Le Mouvement d’Intérêts Politiques d’Actions pour l’Afrique (MIPAA) aspire à un mieux être social et pour un développement harmonieux du peuple africain à travers une paix durable. Parole de F.R.
Longtemps attendu, le premier gouvernement de Yayi 2 est connu depuis samedi. Cette nouvelle équipe analysée sous toutes les coutures et l’on constate la présence d’aventuriers, de traîtres et de redoublants.
Boni Yayi vient de faire le premier gouvernement de son deuxième mandat. Si certains pensent que c’est un bon gouvernement au regard de son look, avec 25 partants, d’autres sont d’avis contraire. Leurs récriminations découlent du fait qu’au lieu de gouvernement d’ouverture, on n’a rien vu qu’une alchimie d’un autre âge.
Cependant, beaucoup déplorent la nomination de certaines personnalités dont l’expertise n’est plus à démontrer mais dont les noms, ces derniers temps frustrent plus d’un.
Dans ce lot, il y a Arifari Bako. En effet, la nomination du superviseur de la CPS-Lépi à la tête de la diplomatie béninoise serait le résultat des compromissions électorales qui ont laissé en rade 1,3 million de Béninois. Après la polémique sur la ‘’boîte noire de la Lépi’’, nommer Bako, selon des Béninois c’est récompenser la ‘’traitise’’.
Membre de la RB, le désormais ancien maire d’Abomey est ministre de l’Environnement et de l’urbanisme. Ce faisant, à travers son parti qui est plus ou moins membre de l’Union fait la Nation(UN), c’est le mot ‘’traitre’’ qui est sur toutes les lèvres bien que Blaise Ahanhanzo Glèlè ait des qualités professionnelles intrinsèques et indéniables pour diriger ce ministère. Après lui, il y a ceux là qui font leur baptème de feu dans le gouvernement de Boni Yayi. Entre autres, on peut citer, Didier Akplogan, Benoît Dègla, Eric N’da, sans oublier le lot des femmes qui sont entrains de faire leurs premières expériences. A présent nommés, la balle est dans leur camp comme on le dit vulgairement. A eux de montrer de quoi ils sont capables, si le chef de l’Etat avait de bonnes raisons de les nommer ministre. Aussi pour un bon début se doivent-ils de former leur cabinet et d’insuffler une nouvelle dynamique à leur département afin de ne pas paraître comme des aventuriers aux yeux des populations.

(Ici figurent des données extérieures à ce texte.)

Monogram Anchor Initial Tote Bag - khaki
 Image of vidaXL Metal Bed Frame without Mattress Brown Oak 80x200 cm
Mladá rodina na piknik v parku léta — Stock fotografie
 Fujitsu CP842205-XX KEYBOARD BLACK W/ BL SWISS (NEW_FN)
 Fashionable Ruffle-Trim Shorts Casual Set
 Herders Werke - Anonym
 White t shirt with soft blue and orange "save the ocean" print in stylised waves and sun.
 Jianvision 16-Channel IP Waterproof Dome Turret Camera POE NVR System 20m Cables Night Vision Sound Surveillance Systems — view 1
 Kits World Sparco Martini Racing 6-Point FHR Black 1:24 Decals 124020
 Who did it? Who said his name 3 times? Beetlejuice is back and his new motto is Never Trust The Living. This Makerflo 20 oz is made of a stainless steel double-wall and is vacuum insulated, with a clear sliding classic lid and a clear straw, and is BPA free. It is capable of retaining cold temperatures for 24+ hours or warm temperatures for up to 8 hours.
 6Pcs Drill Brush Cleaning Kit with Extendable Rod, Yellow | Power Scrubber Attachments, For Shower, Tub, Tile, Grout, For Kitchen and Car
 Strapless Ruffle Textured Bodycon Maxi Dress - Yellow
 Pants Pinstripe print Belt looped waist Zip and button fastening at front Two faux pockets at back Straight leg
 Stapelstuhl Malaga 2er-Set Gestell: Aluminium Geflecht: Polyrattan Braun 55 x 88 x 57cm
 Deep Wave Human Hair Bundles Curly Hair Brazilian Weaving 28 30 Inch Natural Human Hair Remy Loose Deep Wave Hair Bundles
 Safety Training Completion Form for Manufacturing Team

Aussi, dans ce même gouvernement, on a à faire avec des redoublants. Ils ont encore mérité la confiance du chef de l’Etat comme les anciens mis à part les ministres Koupaki et Ndouro qui sont les vieux de la vieille, bref, de la vieille garde ministérielle.
Enfin pour boucler la boucle, comment ne pas souligner le come –back de ces deux anciens ministres de Mathieu Kérékou que sont Dorothée Gazard et Me Marie-Elise Gbèdo. La première redécouvre un ministère qu’elle connaît très bien tandis que la seconde avait été ministre du commerce. En cela, elles sont des revenants.
Toutefois, nous souhaitons bonne chance à tous les ministres afin que ce beau monde œuvre pour le développement de la Nation.